All statistical analyses were carried out in R version 4.2.1 [26] using the stats (version 4.2.1), car (version 3.1-1), and brms (2.18.0) packages. Statistical significance was determined with an alpha level of 0.05 for frequentist analyses, or a 95% credible interval that did not include zero for Bayesian analyses. To test whether FoxP2 expression differs by adult age, we conducted independent samples t-tests for FoxP2 expression in MMSt, VSP, and the MMSt/VSP expression ratio. To determine whether neural FoxP2 expression predicts vocal learning, and whether this relationship differs between young and older adults, we fit Bayesian generalized linear models, with each of the three vocal learning measures (vocal diversity, vocal plasticity, and vocal convergence) as a response variable in three separate models and adult age class and mean centered FoxP2 MMSt/VSP expression as explanatory variables. Regressions were run in Stan [34] through the R package brms [35]. Response variables expressed as proportions (vocal plasticity and vocal convergence) were modeled with a Beta distribution while vocal diversity was modeled with a normal distribution.

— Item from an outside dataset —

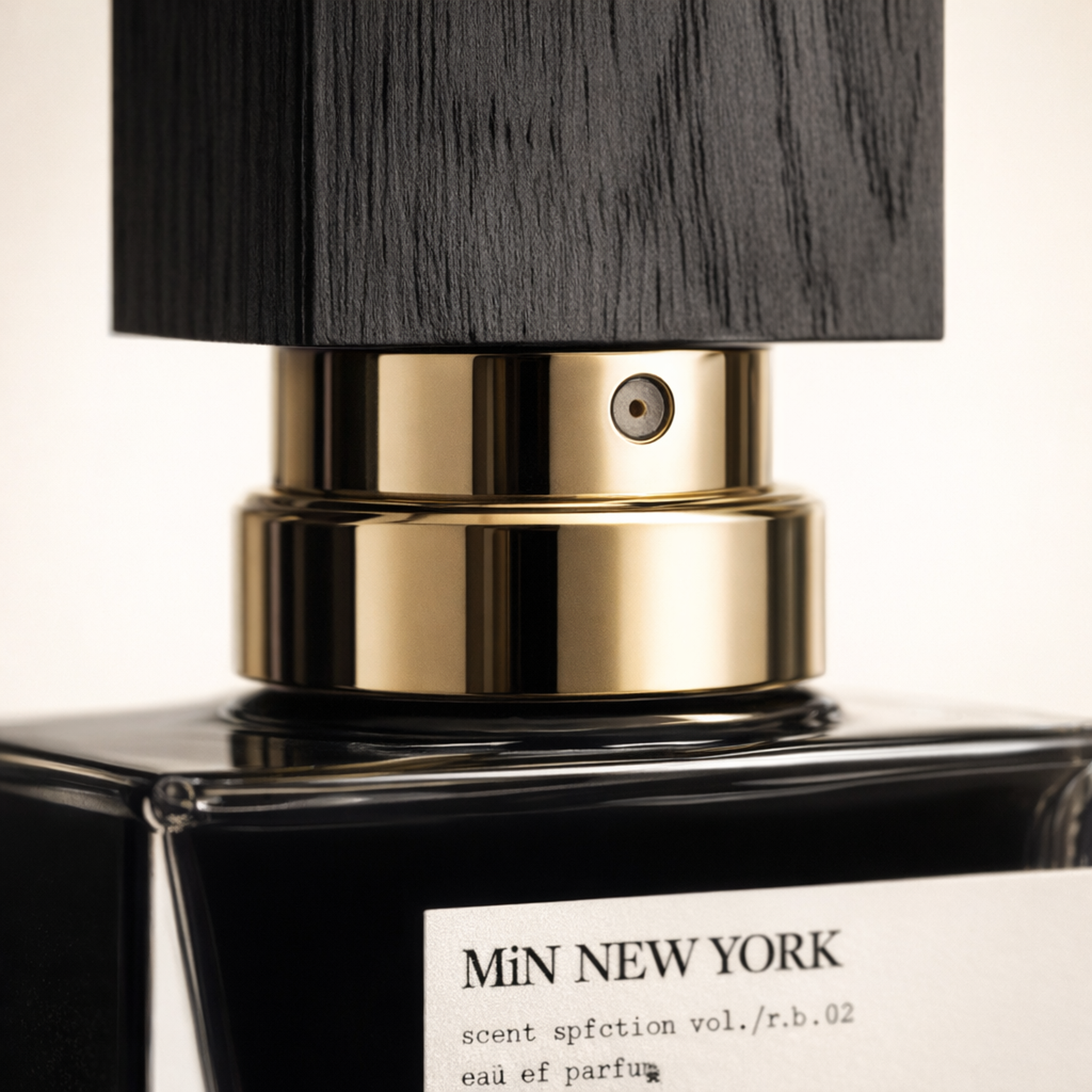 Min New York Astronomy Domine Travel EDP cap macro detail gallery showcase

Effect sizes are presented as median posterior estimates and 95% credibility intervals as the highest posterior density interval. Minimally informative priors were used for population-level effects. Models were run on four chains for 10,000 iterations, following a warm-up of 10,000 iterations. The effective sample size was kept above 3000 for all parameters. Performance was checked visually by plotting the trace and distribution of posterior estimates for all chains. We also plotted the autocorrelation of successive sampled values to evaluate the independence of posterior samples, kept the potential scale reduction factor for model convergence below 1.01 for all parameter estimates and generated plots from posterior predictive samples to assess the adequacy of the models in describing the observed data.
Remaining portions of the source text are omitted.